**ASSIGNMENT:**
Leaving the pictures aside, transcribe every line below exactly.

**GIVEN MATERIAL:**
------------------------------------

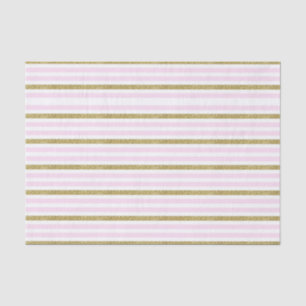Roze & Gouden Glitter Strepen Streep Tissuepapier
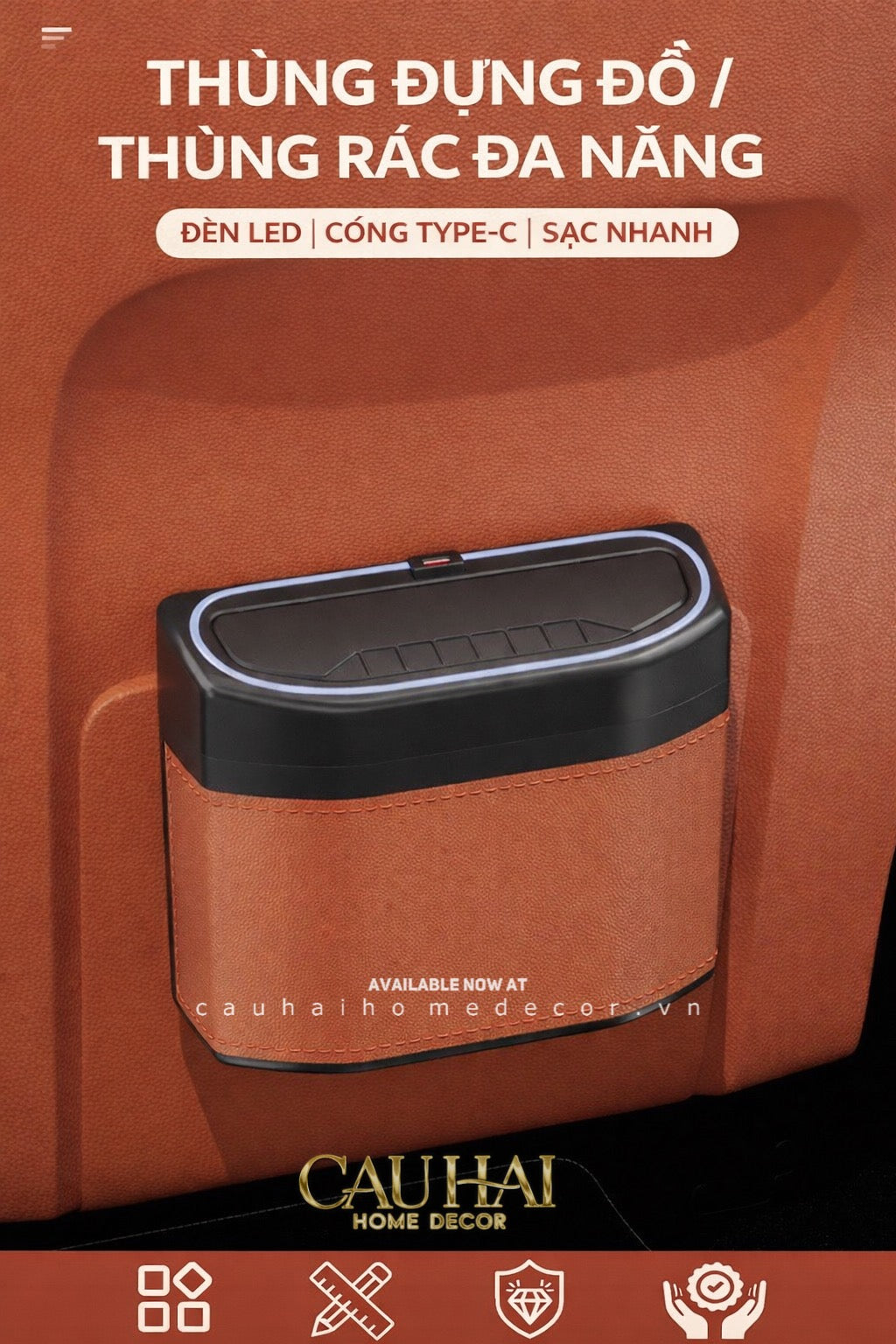 Thùng Rác Bọc Da Car Mini Bin - Cognac-Thùng Rác-CẬU HAI HOME DECOR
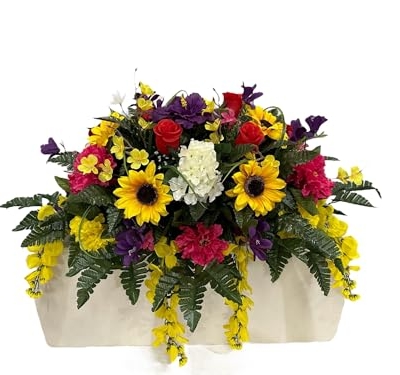 Product: Jucgghk Vivid and Realistic Floral Art 32“Handmade Easter Flower Cemetery Saddle,Spring Cemetery Flowers,Cemetery Decoration for Headstone Flower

------------------------------------

**TASK RESULT:**
Roze & Gouden Glitter Strepen Streep Tissuepapier
 Thùng Rác Bọc Da Car Mini Bin - Cognac-Thùng Rác-CẬU HAI HOME DECOR
 Product: Jucgghk Vivid and Realistic Floral Art 32“Handmade Easter Flower Cemetery Saddle,Spring Cemetery Flowers,Cemetery Decoration for Headstone Flower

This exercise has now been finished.